O'Hara was free to write about whatever he wanted to, and mostly he wrote about his personal views. You might not think the columns would be relevant now, but you know the old expression about how the more things change, the more they stay the same. Lots of this stuff could be redone today if the names were changed. Black men being shot by cops? That's covered. Gun control? Yep. Liberal bashing? Plenty of that. The thing about O'Hara's writing and opinions is that they're always urbane, civilized. He doesn't go for ranting, but you never have any doubt about where he stands. The fifty years that have gone by since the writing of the columns give them plenty of distance. It's easy to read them as entertainment and to enjoy O'Hara's opinions of some of his fellow writers (he didn't care for most of them) and politicians (he liked Barry Goldwater but didn't like Lyndon Johnson). People under fifty, or maybe under sixty, reading this book might feel as if they're reading about events as ancient as the Punic Wars. To me at least 95% of the names were as familiar as if I'd seen them yesterday. It's a short book, and I found it a lot of fun.
6 comments:
I went on a huge O'Hara reading jag during the first four months of 1997, mostly fiction but some non fiction as well, but I missed this one.
This sound intriguing! I'll have to track down a copy.
Love his short stories, not so much his novels. Based on your review, I'm not surprised that one O'Hara biography was titled THE ART OF BURNING BRIDGES.

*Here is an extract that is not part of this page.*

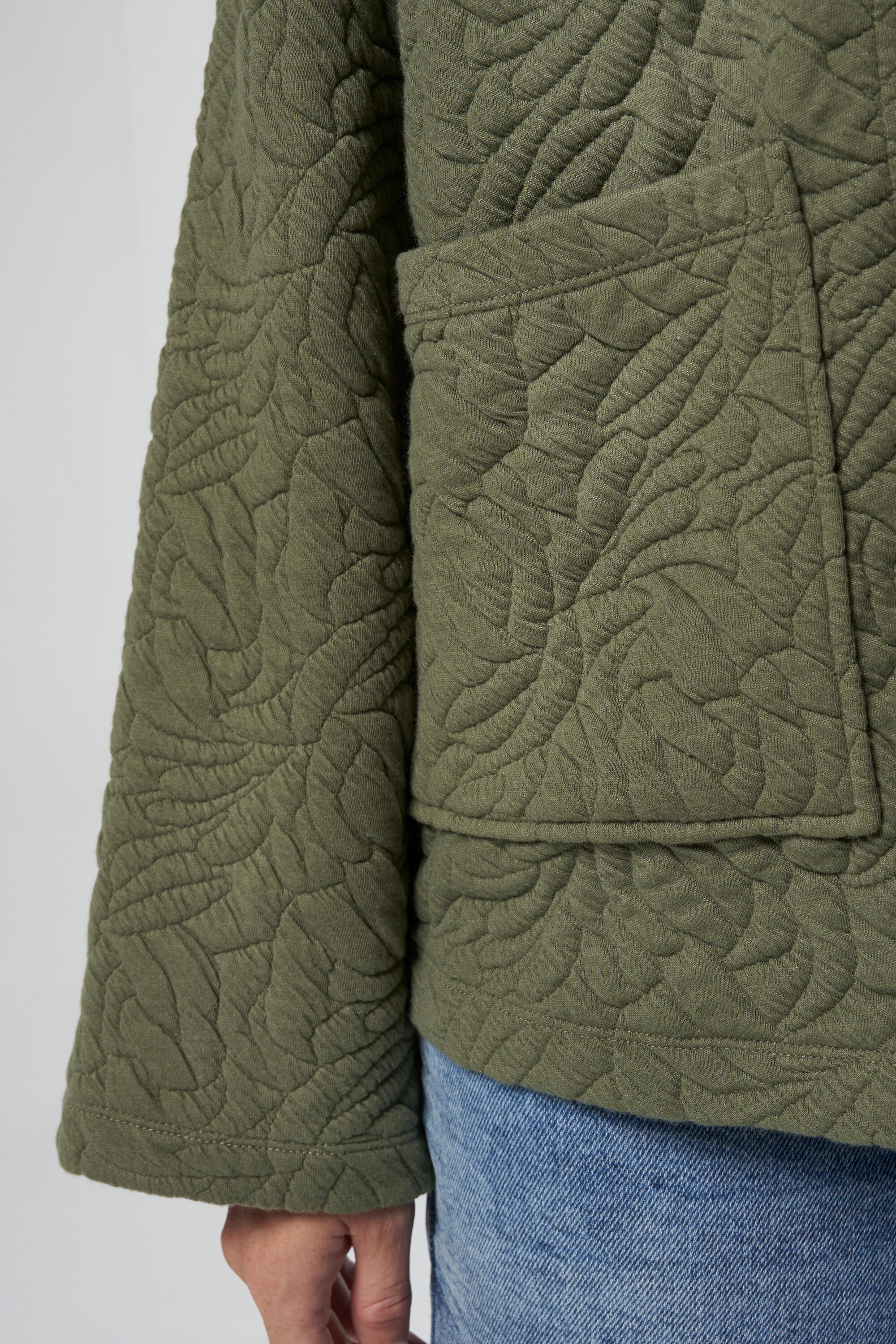 Veste matelass&eacute;e avec poches image number 4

Sounds like it could be interesting in a way, but I'm trying to avoid as much Sturm ind Drang as possible these days.
You sold me, Bill. I was a big O'Hara fan back in the day. I still remember the crashing sensation in Ten North Frederick when Joe Chapin's presidential aspirations go down the toilet. And I'll never forget Appointment in Samarra. I didn't know about his column-writing.
Bill – Thanks for the review. I don’t think I have ever read any of his journalism. In the 1990s, I read a lot of O’Hara. It was easy, back then, to find used paperbacks of his novels and short story collections. Try finding them today.